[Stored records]
——

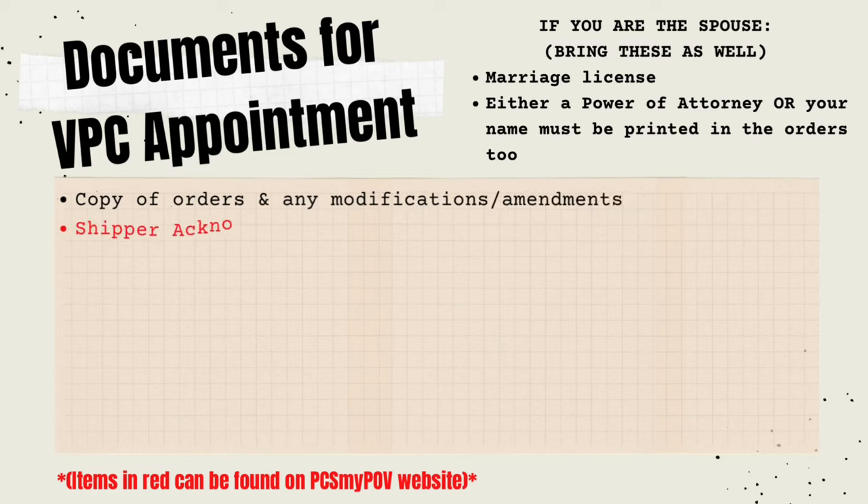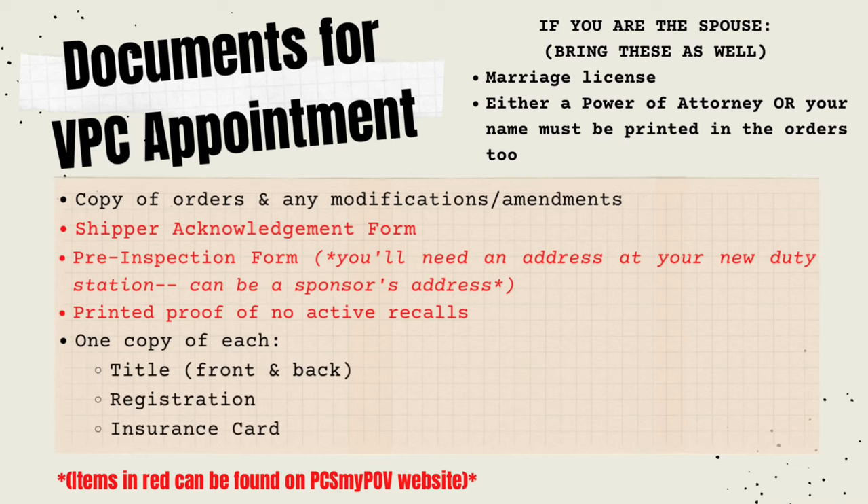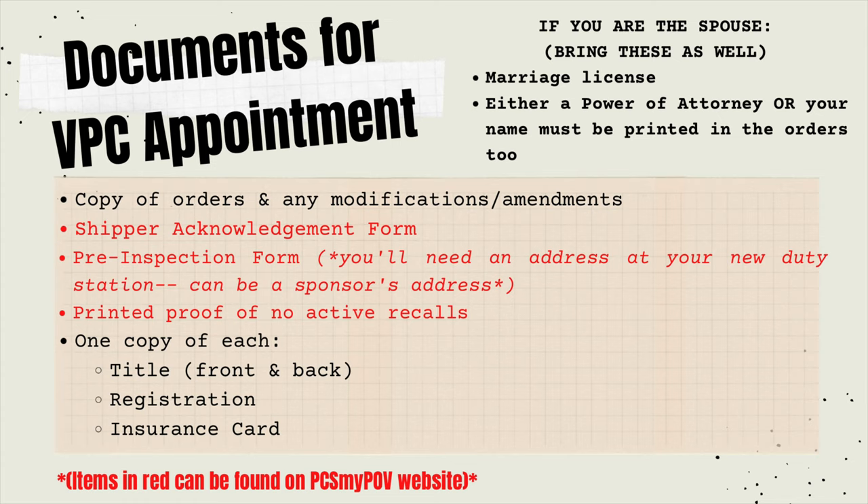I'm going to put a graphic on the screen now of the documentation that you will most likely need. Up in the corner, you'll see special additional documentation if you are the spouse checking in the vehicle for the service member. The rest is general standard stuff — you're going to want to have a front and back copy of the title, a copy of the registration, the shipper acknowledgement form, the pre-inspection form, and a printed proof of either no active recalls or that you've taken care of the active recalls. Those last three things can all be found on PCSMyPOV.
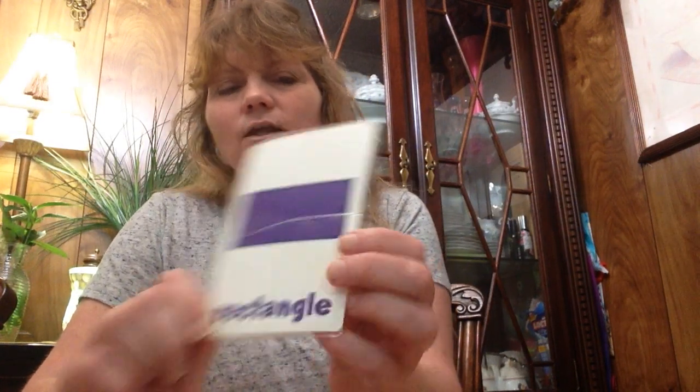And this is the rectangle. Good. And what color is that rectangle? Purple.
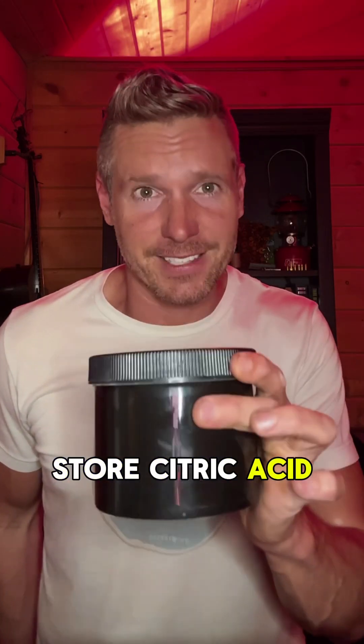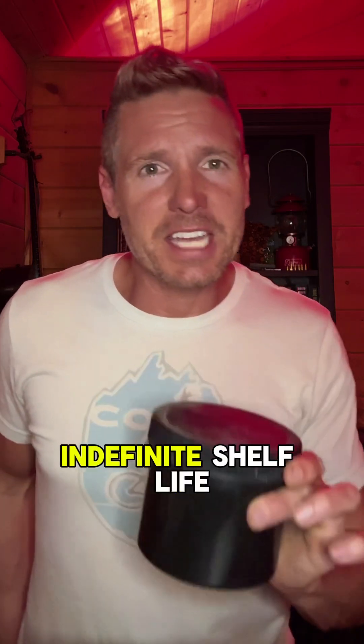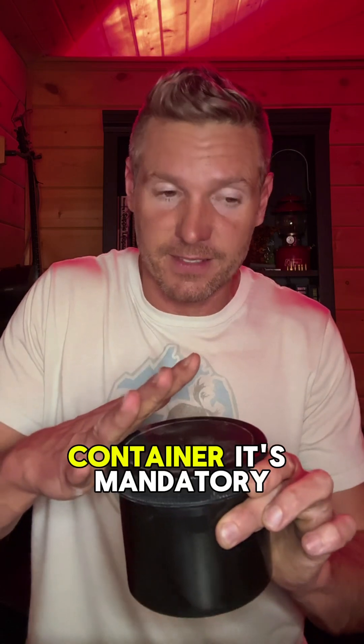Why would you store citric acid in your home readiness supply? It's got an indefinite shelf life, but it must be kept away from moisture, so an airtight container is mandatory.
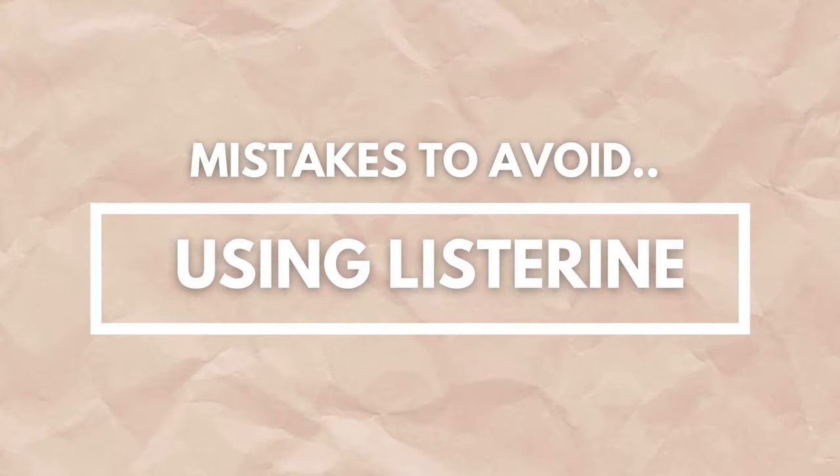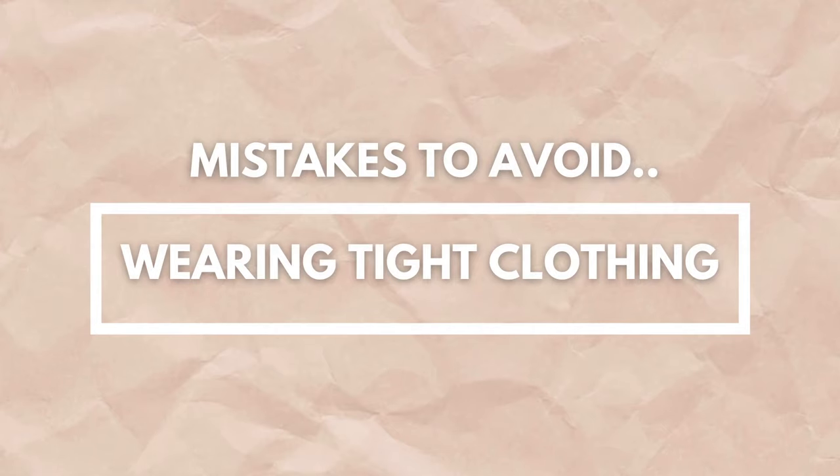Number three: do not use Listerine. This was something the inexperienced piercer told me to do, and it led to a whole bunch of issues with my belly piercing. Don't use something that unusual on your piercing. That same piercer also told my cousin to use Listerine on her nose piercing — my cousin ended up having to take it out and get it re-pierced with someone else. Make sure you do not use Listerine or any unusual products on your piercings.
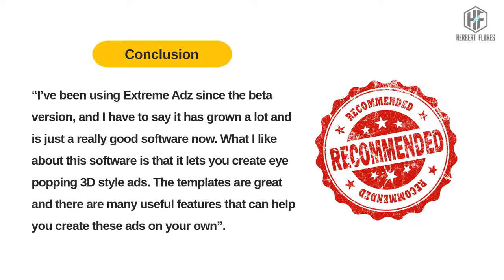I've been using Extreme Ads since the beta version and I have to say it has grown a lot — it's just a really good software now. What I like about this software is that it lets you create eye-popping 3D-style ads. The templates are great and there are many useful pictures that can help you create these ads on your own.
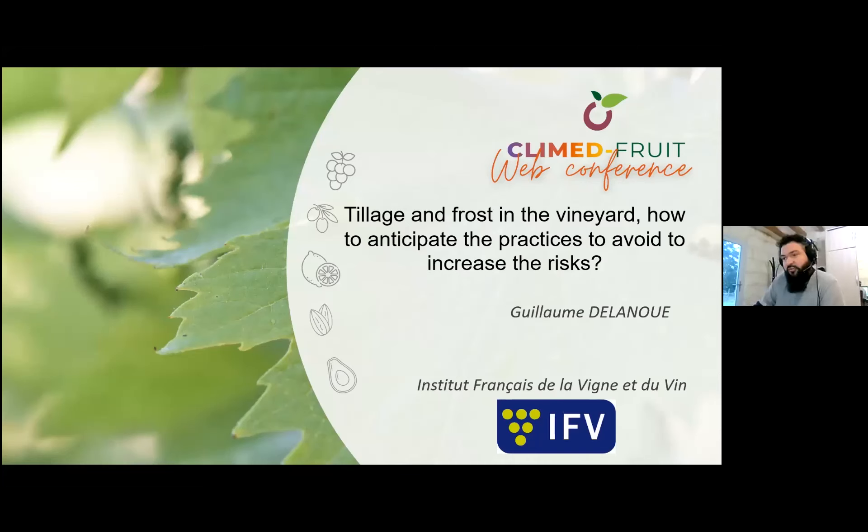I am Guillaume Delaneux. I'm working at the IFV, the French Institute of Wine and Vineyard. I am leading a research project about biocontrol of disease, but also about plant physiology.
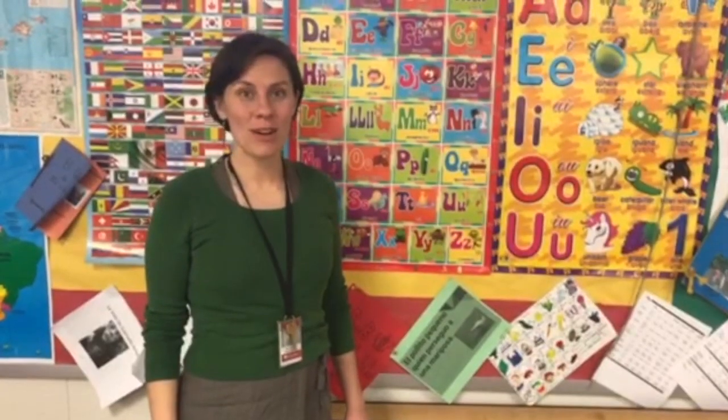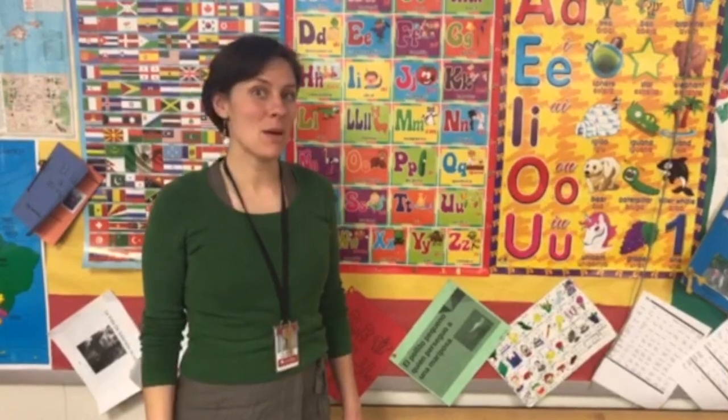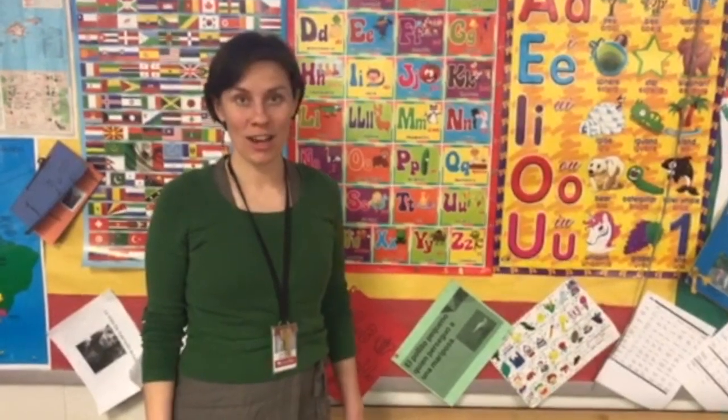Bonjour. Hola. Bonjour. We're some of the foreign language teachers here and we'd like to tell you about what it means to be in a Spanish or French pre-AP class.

——

◆ Exercise description:
Your copy should hold the lines from the one with "And this is" up to and including the one with "Number three: do", exactly as in the data above, and no pictures.

◆ Solution:
And this is the rectangle. Good. And what color is that rectangle? Purple.
Why would you store citric acid in your home readiness supply? It's got an indefinite shelf life, but it must be kept away from moisture, so an airtight container is mandatory.
Number three: do not use Listerine. This was something the inexperienced piercer told me to do, and it led to a whole bunch of issues with my belly piercing. Don't use something that unusual on your piercing. That same piercer also told my cousin to use Listerine on her nose piercing — my cousin ended up having to take it out and get it re-pierced with someone else. Make sure you do not use Listerine or any unusual products on your piercings.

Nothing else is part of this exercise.